Starting with the line that contains "Foto: canva.com weibliche", return every line through the end of the listing below exactly as written. Omit the pictures.
━━ DATA BELOW ━━
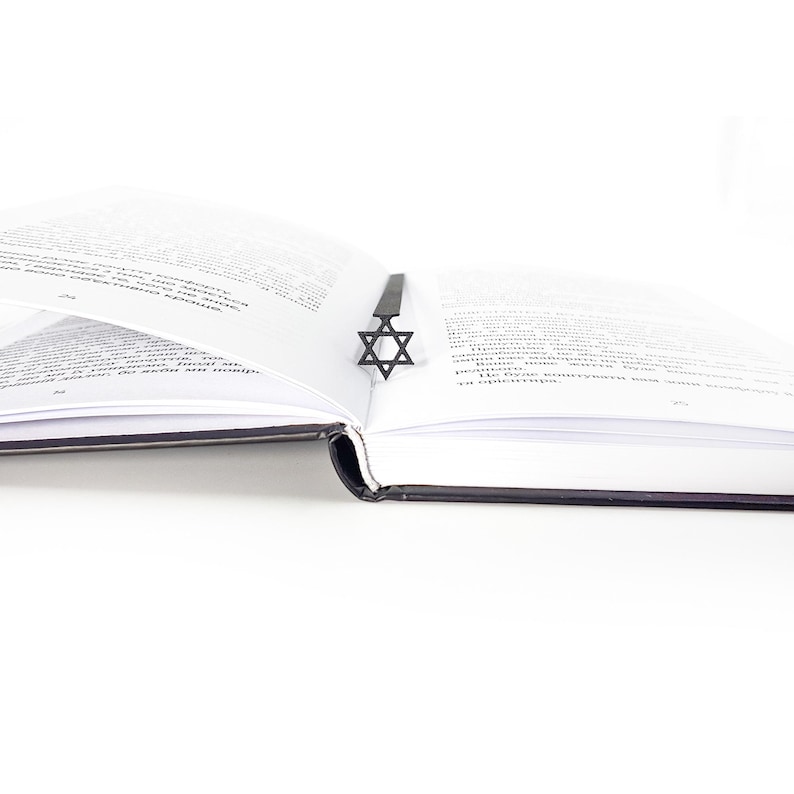 Black Star of David metal bookmark centered in the spine of an open book with white pages and black cover, modern and meaningful reading accessory.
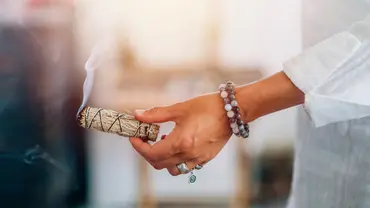 weibliche Hand mit Armbändern und einem Räucherbündel weißer Salbei - Foto: canva.com weibliche Hand mit Armbändern und einem Räucherbündel weißer Salbei - Foto: canva.com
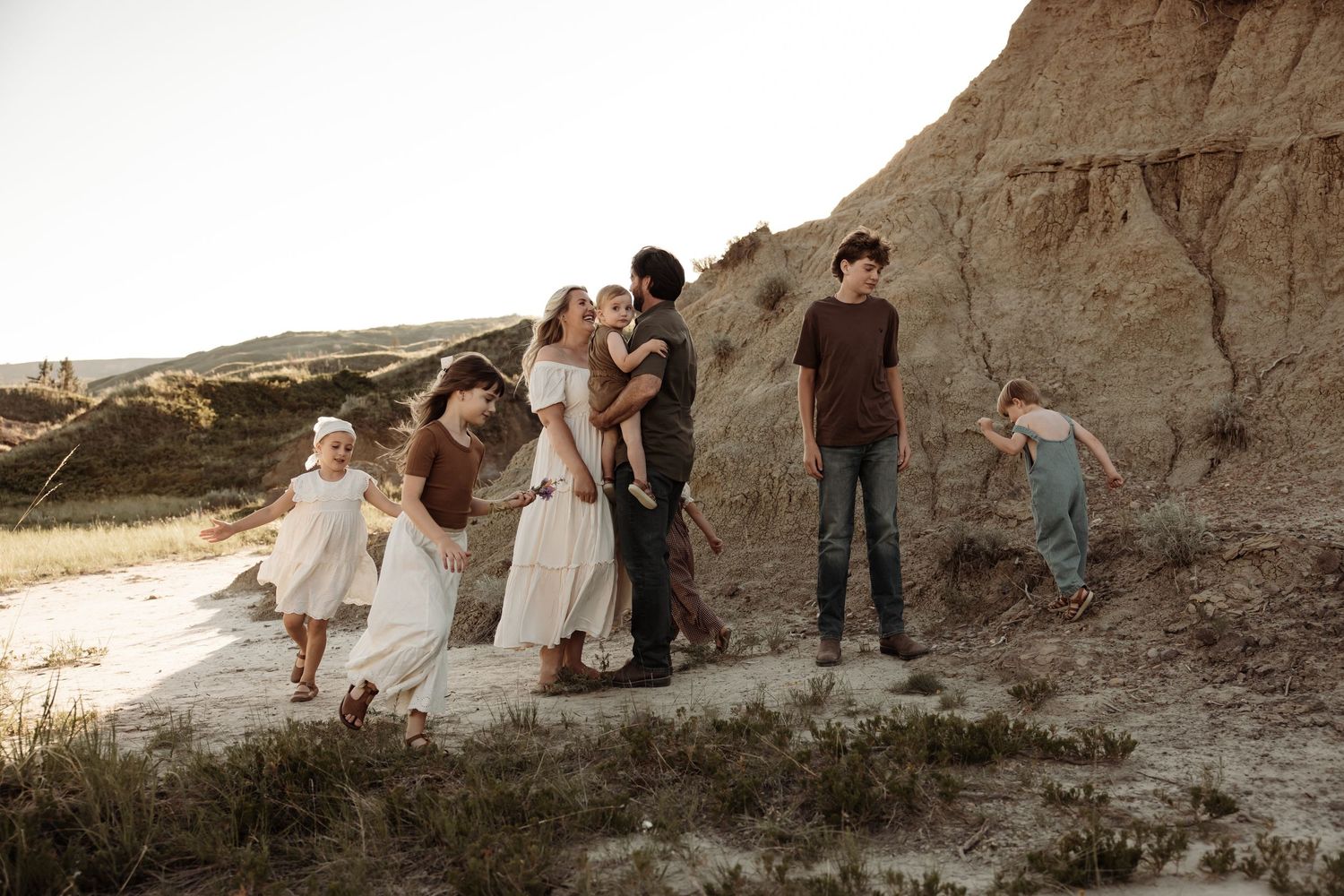 Large family posing together on sandy badlands trail at golden hour during a photoshoot in Central Alberta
━━━
** RESPONSE TO THE EXERCISE **
 weibliche Hand mit Armbändern und einem Räucherbündel weißer Salbei - Foto: canva.com weibliche Hand mit Armbändern und einem Räucherbündel weißer Salbei - Foto: canva.com
 Large family posing together on sandy badlands trail at golden hour during a photoshoot in Central Alberta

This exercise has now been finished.